# WORK REQUEST:
Once you find the line with "Christie is single in Galloway, OH USA" in the entries below, return exactly every line from it through the line with "Read Martial Evolution: The".

[INPUT RECORDS]

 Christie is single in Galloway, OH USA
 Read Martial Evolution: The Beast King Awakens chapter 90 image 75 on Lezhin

[/INPUT RECORDS]
[INPUT RECORDS]

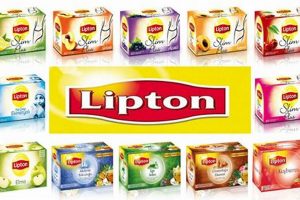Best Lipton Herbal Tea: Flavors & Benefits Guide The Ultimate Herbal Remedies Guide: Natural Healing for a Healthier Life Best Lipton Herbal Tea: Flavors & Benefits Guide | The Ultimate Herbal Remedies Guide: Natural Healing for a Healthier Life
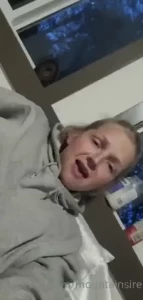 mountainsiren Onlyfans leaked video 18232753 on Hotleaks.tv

[/INPUT RECORDS]

# WRITTEN REPLY:
 Christie is single in Galloway, OH USA
 Read Martial Evolution: The Beast King Awakens chapter 90 image 75 on Lezhin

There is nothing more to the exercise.